(Records excerpted from a collection)
════
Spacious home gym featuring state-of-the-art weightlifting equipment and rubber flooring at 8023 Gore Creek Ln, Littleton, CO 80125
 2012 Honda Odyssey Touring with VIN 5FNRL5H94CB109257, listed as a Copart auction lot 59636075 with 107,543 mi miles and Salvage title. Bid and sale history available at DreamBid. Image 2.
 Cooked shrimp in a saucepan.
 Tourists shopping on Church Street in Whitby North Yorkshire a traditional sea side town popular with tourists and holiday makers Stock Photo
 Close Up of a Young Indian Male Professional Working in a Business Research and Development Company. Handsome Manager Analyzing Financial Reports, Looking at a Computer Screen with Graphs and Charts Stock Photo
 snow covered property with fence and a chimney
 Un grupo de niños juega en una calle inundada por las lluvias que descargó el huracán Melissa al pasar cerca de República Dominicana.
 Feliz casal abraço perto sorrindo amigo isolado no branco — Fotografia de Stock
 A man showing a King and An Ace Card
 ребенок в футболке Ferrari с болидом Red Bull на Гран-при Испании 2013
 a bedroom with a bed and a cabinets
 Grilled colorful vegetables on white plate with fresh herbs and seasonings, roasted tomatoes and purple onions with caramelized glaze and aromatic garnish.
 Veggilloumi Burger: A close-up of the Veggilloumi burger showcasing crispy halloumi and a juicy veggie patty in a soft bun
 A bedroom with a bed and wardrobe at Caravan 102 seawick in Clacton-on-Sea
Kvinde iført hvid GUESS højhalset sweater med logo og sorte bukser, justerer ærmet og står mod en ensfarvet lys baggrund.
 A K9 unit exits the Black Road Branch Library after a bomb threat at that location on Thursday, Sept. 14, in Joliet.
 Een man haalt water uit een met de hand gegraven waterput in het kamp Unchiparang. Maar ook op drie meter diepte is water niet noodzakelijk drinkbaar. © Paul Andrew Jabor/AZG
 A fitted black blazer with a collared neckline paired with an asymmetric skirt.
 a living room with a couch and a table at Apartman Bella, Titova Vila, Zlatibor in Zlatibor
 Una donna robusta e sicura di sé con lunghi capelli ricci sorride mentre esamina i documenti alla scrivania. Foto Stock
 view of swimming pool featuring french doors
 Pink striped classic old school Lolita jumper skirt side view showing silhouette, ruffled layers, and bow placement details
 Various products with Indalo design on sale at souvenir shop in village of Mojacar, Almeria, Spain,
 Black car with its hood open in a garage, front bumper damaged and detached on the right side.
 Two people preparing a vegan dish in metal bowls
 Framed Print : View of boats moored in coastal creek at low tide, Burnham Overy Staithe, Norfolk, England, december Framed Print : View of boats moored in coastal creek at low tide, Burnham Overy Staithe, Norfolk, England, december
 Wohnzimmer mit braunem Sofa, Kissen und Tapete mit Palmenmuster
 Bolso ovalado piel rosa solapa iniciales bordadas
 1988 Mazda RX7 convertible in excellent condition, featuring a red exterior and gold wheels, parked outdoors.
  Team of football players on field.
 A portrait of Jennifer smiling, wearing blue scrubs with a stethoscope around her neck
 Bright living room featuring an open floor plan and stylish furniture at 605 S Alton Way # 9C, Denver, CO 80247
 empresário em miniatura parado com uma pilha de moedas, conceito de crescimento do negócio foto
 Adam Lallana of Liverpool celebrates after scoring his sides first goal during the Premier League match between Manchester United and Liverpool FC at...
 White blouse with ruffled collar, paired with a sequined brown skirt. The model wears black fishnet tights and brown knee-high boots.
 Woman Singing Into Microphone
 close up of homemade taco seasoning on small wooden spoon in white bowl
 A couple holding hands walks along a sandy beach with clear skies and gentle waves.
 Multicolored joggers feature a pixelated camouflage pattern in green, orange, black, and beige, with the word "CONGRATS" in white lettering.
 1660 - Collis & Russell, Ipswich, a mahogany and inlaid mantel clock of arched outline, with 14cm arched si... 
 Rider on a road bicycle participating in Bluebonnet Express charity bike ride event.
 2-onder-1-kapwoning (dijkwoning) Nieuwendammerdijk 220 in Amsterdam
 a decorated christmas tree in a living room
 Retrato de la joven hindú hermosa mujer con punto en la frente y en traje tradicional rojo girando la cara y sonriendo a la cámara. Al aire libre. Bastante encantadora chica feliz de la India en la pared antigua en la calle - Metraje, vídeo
════
REQUIREMENT — How many of the lines above hold the word "bedroom"? Answer with only the number.

TASK RESPONSE — 2